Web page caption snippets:
-- Opening Marker --
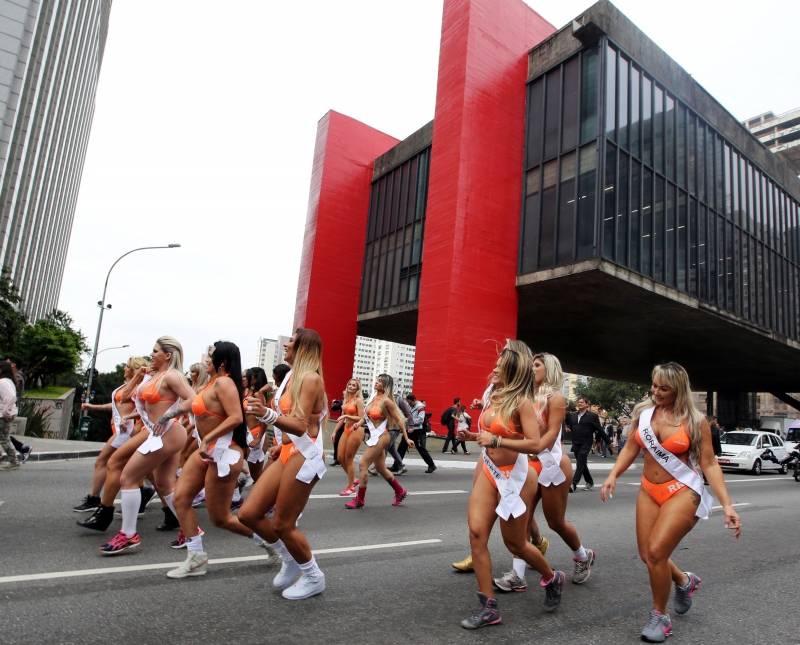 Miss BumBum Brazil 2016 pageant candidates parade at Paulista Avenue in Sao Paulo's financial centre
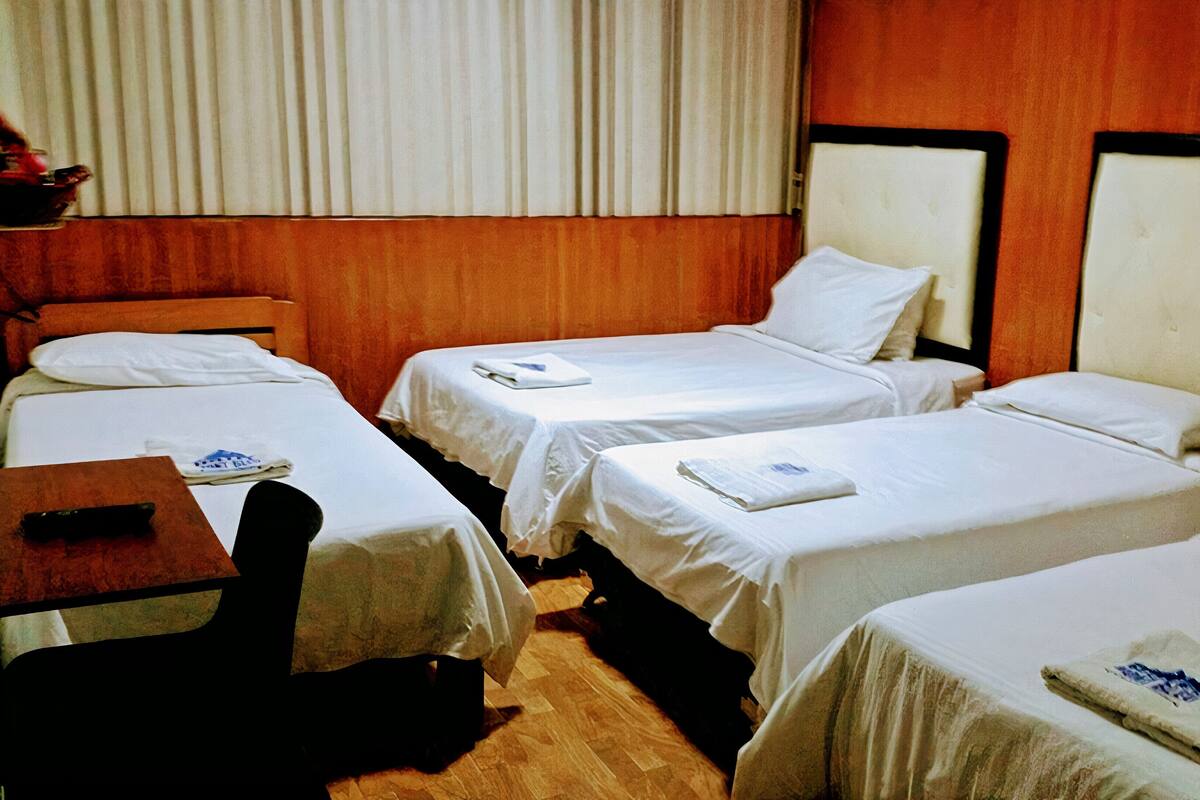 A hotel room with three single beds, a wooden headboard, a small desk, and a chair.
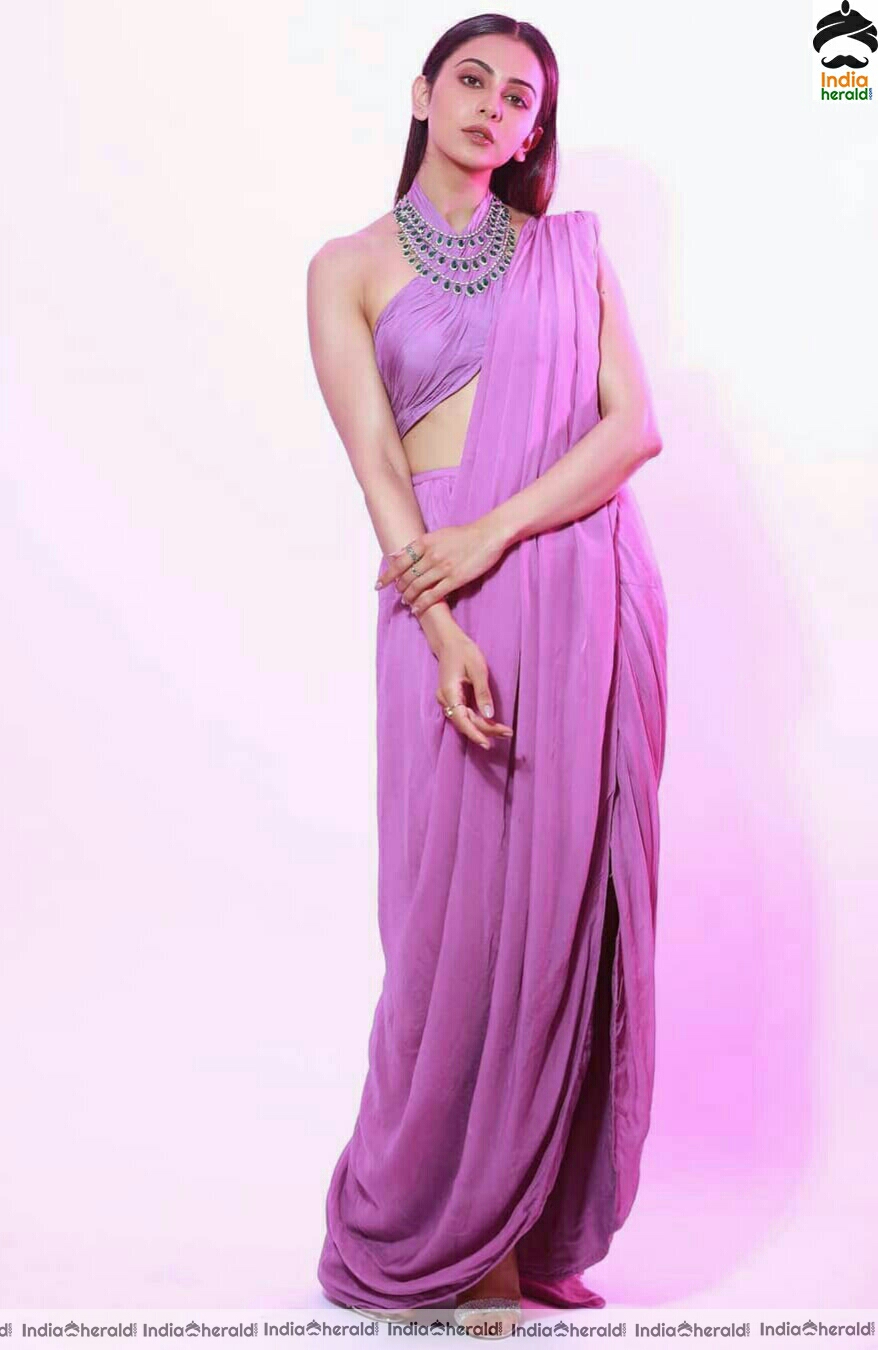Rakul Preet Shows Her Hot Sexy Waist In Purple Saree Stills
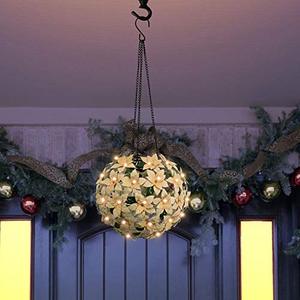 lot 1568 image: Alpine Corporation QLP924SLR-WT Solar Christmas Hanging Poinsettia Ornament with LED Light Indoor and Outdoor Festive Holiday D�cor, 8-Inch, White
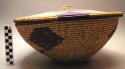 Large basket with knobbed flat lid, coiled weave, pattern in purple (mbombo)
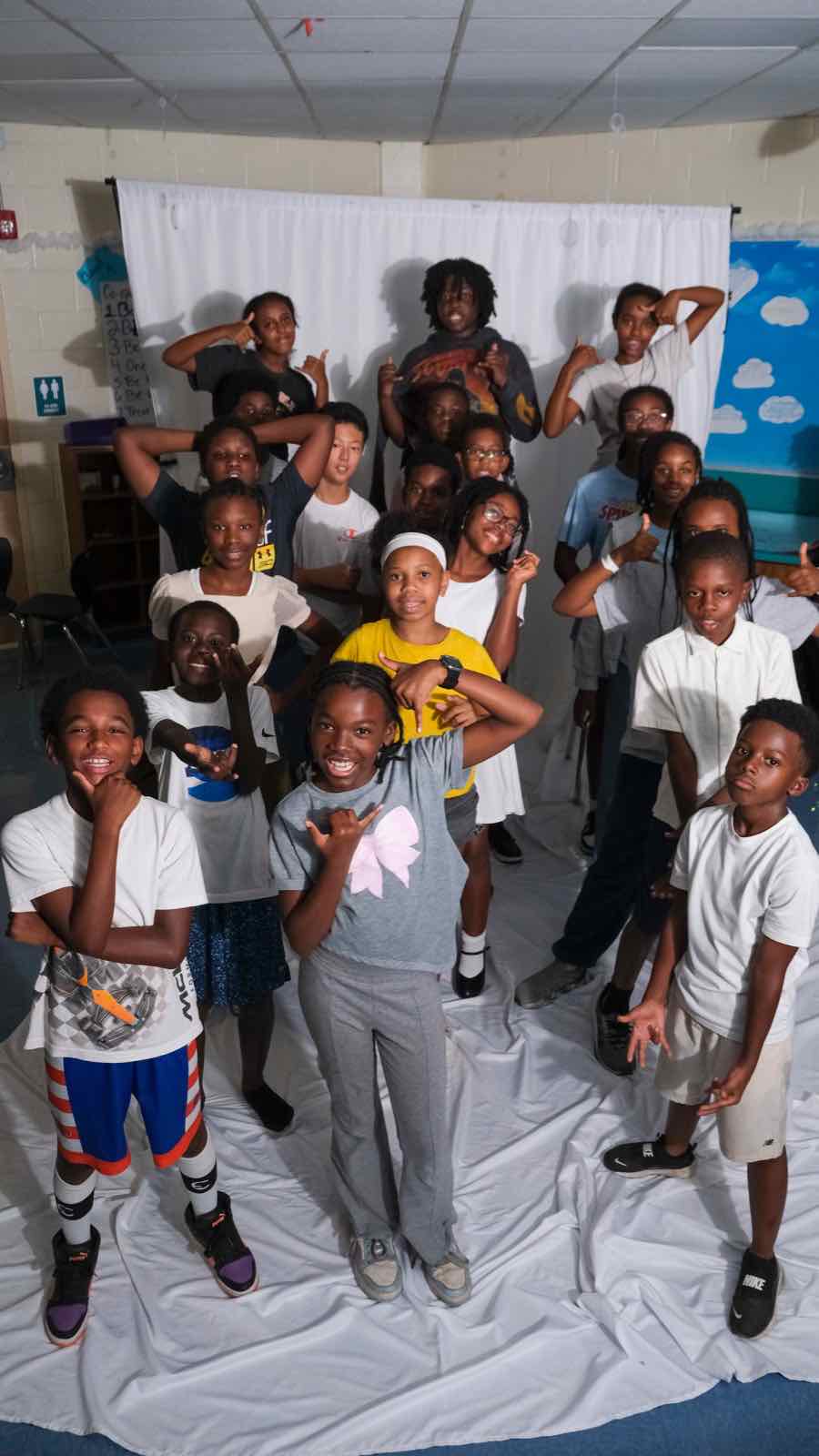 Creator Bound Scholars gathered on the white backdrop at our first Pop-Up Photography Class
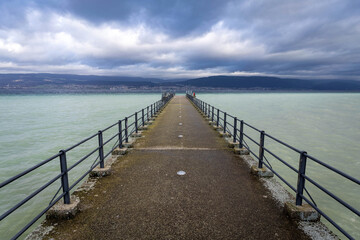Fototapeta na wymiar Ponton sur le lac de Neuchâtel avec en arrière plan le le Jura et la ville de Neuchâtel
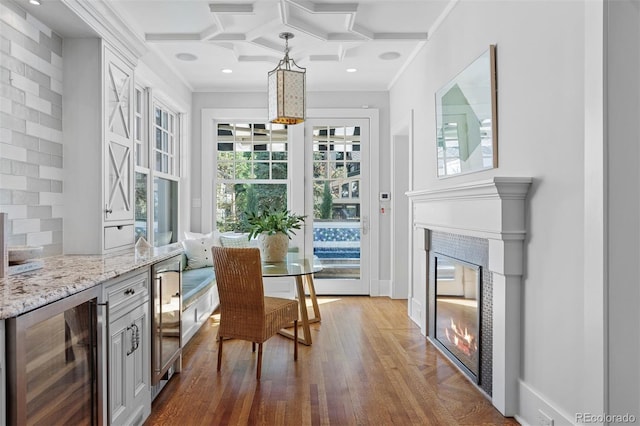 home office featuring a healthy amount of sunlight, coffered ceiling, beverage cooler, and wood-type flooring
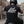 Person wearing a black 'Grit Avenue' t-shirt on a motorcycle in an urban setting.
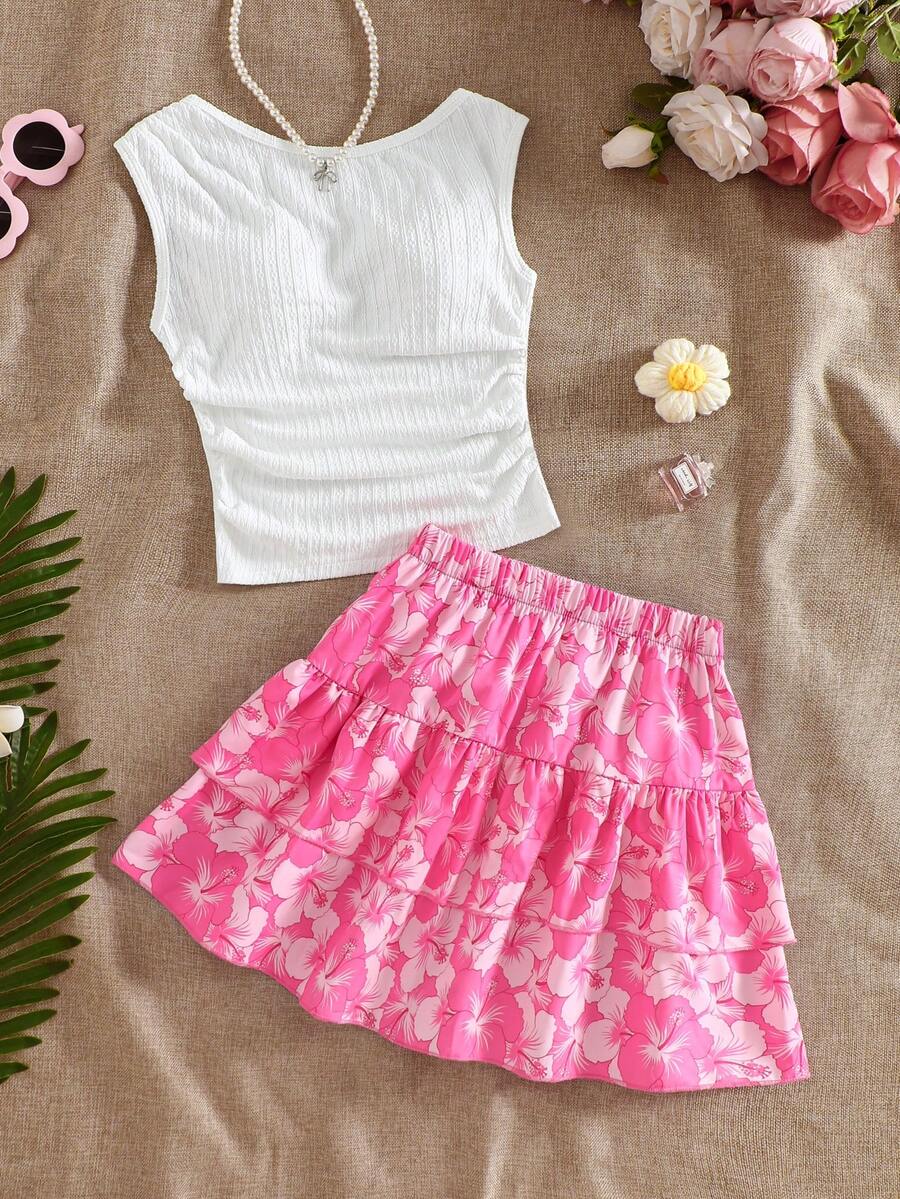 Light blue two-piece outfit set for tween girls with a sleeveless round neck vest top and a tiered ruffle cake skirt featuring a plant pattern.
-- Closing Marker --
### YOUR INSTRUCTIONS
Reproduce the lines from the one with "Large basket with" through the end of the data, keeping both end lines, adding nothing, and dropping any pictures.

### SOLUTION TO THIS PROBLEM
 Large basket with knobbed flat lid, coiled weave, pattern in purple (mbombo)
 Creator Bound Scholars gathered on the white backdrop at our first Pop-Up Photography Class
Fototapeta na wymiar Ponton sur le lac de Neuchâtel avec en arrière plan le le Jura et la ville de Neuchâtel
 home office featuring a healthy amount of sunlight, coffered ceiling, beverage cooler, and wood-type flooring
 Person wearing a black 'Grit Avenue' t-shirt on a motorcycle in an urban setting.
 Light blue two-piece outfit set for tween girls with a sleeveless round neck vest top and a tiered ruffle cake skirt featuring a plant pattern.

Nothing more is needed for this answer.